Unfortunately, one group of insects I have not seen in any great numbers is the short-horned grasshoppers. As a child I always remember grasshoppers abounding on the commons around London, and bush crickets were a real rarity. But now, living in the countryside, I see quite a lot of bush crickets, but very few grasshoppers. And despite seeing very few house martins and swallows earlier in the summer, this week the first broods have left the nest and are flying around – hopefully they will raise two or three broods this year if the fine weather continues.

It is always notable how the swifts and swallows gather over our garden – five acres of unsprayed garden and woodland in the midst of East Anglia provide a ready supply of insects. Very soon the dragonflies will be on the wing, and with any luck they should attract the odd hobby.
But if any one asks what they can do to encourage wildlife, the answer is very simple – go organic. Suburban gardens are among the last refuges for many species of wildlife, but they are also often sprayed more intensively than farmland.

Thursday, 12 June 2003

Rose-Coloured Starling

On Wednesday 11 June, the World Land Trust Board of Trustees met for the Annual General Meeting of the Trust. But before the meeting started two of the Trustees, Prof. Renton Righelato and Dr Nigel Simpson went to Minsmere for a couple of hours birdwatching. On their way back to the meeting they saw on a telephone wire en route to Westleton, one of the most spectacular birds to visit Britain -- a Rose Coloured Starling. A quick check with the RSPB's Warden of Minsmere revealed that no one else had seen the bird so far.

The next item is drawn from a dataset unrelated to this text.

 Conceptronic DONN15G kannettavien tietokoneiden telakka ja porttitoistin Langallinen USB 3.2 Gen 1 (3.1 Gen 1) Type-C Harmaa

Rose Coloured Starling breed in India and other parts of Asia, as well as Eastern Europe. Their plumage is a beautiful rosy pink, contrasting with glossy black. Nigel Simpson managed to snap a photograph by using his digital camera down his binoculars -- not the perfect way of photgraphing, but a good picture nonetheless. No doubt scores of twitchers will now descend.

How green is green diesel?

How green is green diesel? Trying to keep abreast of these developments I asked one of the World Land Trust's Trustees, Prof. Renton Righelato to review the issues, and below is a summary he produced - feedback would be very welcome - it's a controversial issue.

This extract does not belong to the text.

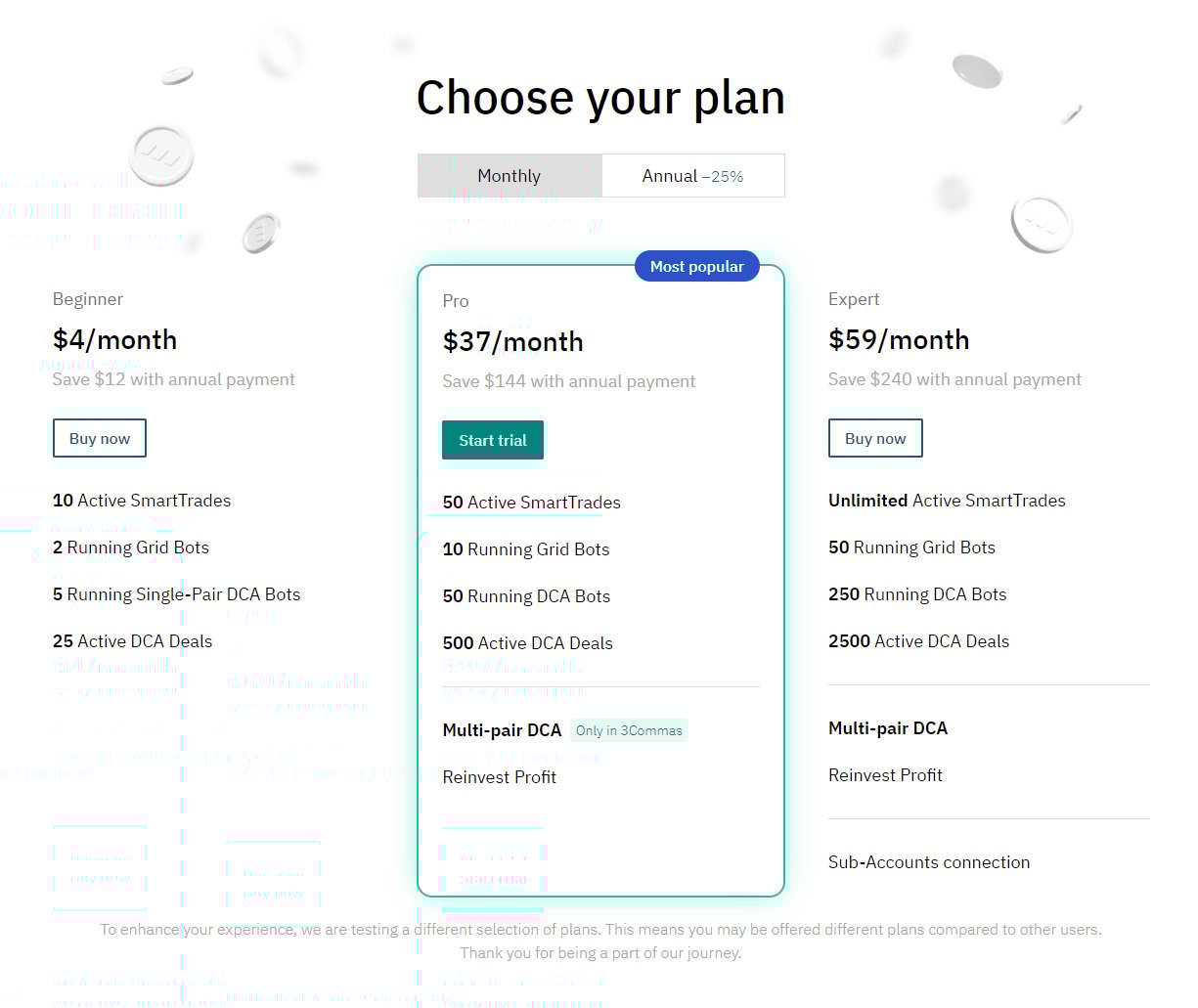 3commas Pricing Plans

Biofuels - a Review by R C Righelato

"Green gasoline", "biofuels" - warm words, an attractive concept perhaps, but just what does it really mean and does it make sense?

Long before Kyoto, governments in many countries had been encouraging the use of biofuels to reduce reliance on imported fossil fuels or as a way of subsidising their farmers. More recently, the threat of global warming has given impetus to the development of "renewables", which are encouraged under the Kyoto Protocol and are planned to replace significant amounts of petroleum over the next decade.

There are many types of biofuels, some created from wastes (particularly methane) others from crops grown for the purpose:
  • vegetable oils from oilseed rape and oil palm added to diesel
  • sugars from maize starch, beet and cane converted by fermentation to ethanol which can be added to petrol
  • plantation forestry or coppicing to produce wood for burning
  • methane from sewage, farm wastes, landfill.
It can only be helpful to make use of wastes, particularly where the potent greenhouse gas, methane, is converted to carbon dioxide, which, carbon for carbon, has a much lower greenhouse effect. But the production of more crops to fill our fuel tanks will only compound the ecological problems we have already created with agriculture, with potentially little or no greenhouse benefit.

This discussion will focus on oilseed rape and biodiesel in the UK, but the same logic applies to bioethanol and to tropical, as well as temperate areas.

UK consumption of diesel in 2002 was 17.6 million tonnes(1). To provide the vegetable oil for this (with present technology, up to 10% vegetable oil, after processing, can be added to diesel), over 1 million hectares of arable land would be required - a massive 25% increase in the total land under crops in the UK and nearly a quadrupling of present oilseed rape production.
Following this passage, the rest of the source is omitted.